Comparing quotes: why are installers proposing different system sizes?

Reading Time: 7 minutes So you have a few quotes, sit down to evaluate them, and notice something right off the bat: installer A and installer B have proposed different sizes for your solar panel system. Why is this? And how can you truly compare apples-to-apples in this scenario? In this article, we’ll review why this might happen – […]

Reading Time: 7 minutes So you have a few quotes, sit down to evaluate them, and notice something right off the bat: installer A and installer B have proposed different sizes for your solar panel system. Why is this? And how can you truly compare apples-to-apples in this scenario? In this article, we’ll review why this might happen – […]Reading Time: 7 minutes

So you have a few quotes, sit down to evaluate them, and notice something right off the bat: installer A and installer B have proposed different sizes for your solar panel system. Why is this? And how can you truly compare apples-to-apples in this scenario?

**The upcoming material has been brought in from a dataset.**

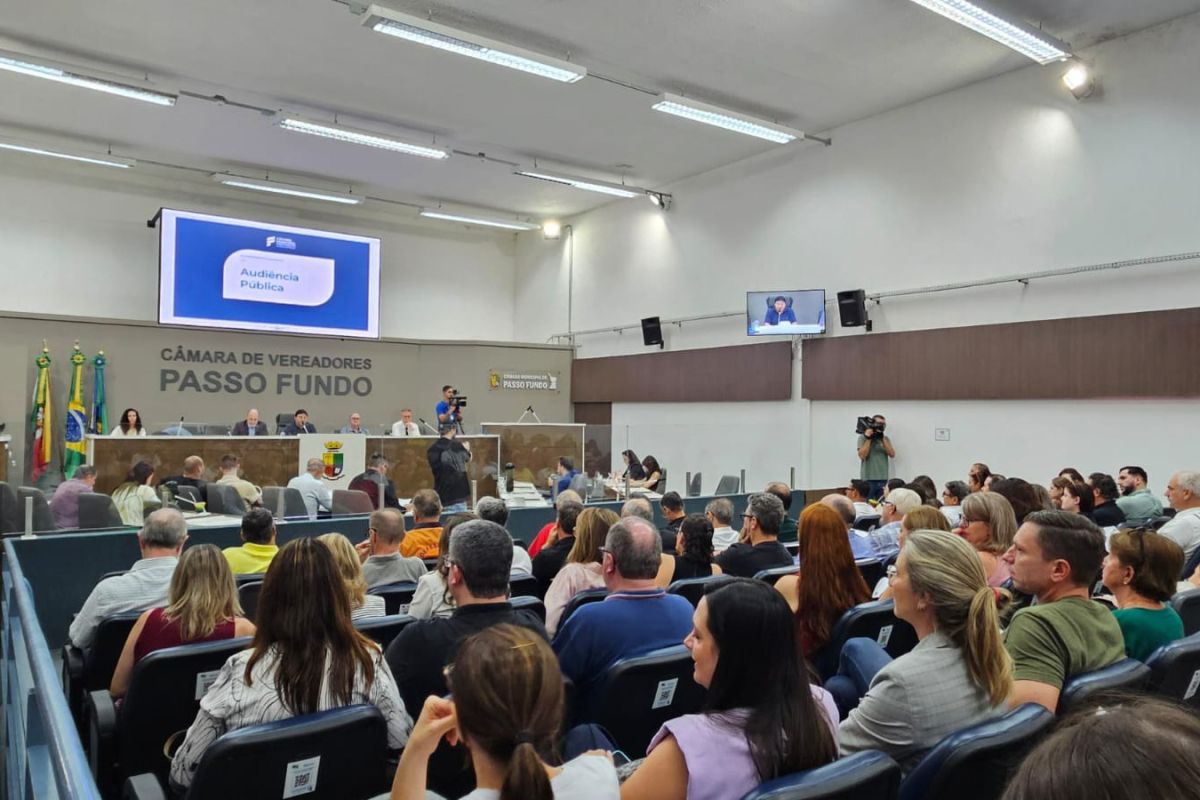 AUDIÊNCIA PÚBLICA DISCUTE IMPLANTAÇÃO DE HOSPITAL UNIVERSITÁRIO EM PASSO FUNDO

In this article, we’ll review why this might happen – and what you can do about it!

Find out what solar panels cost in your area in 2021

Key takeaways

  • Variances in system layout, equipment, electricity usage assumptions, and more can lead to different recommendations for system size
  • Communicating and providing additional details to installers can help ensure your quotes are as accurate as possible
  • Register on the EnergySage Marketplace to get custom quotes from local solar installers

A quick review of the solar panel system design process

Before diving into why installers quote different system sizes, it’s important to understand how installers come up with these numbers in the first place.

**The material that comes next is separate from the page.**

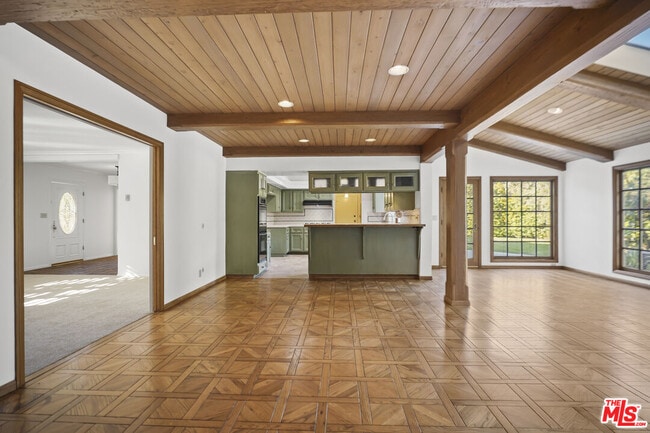 Building Photo - 6748 Wildlife Rd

There are the three primary factors that drive solar panel system designs:

  • How much electricity you use in a year
  • Solar insolation (i.e. the amount of solar radiation that will hit your solar panels)
  • The amount of space available for installing panels

#1. How much electricity you use in a year

First, your annual electricity consumption: installers often look at past electricity bills to determine how many kilowatt-hours (kWh) you use over the course of a year. This number is important, because installers will generally design and recommend a system that will meet as close to 100 percent of your electricity needs as possible (the “as close to” bit is important here, but more on that later).

#2. Solar insolation 

Installers can’t use electricity usage information alone to determine your ideal system size; they need to match up your electricity consumption to the solar insolation at your property to figure out how many watts of solar power you’ll need to meet your annual needs.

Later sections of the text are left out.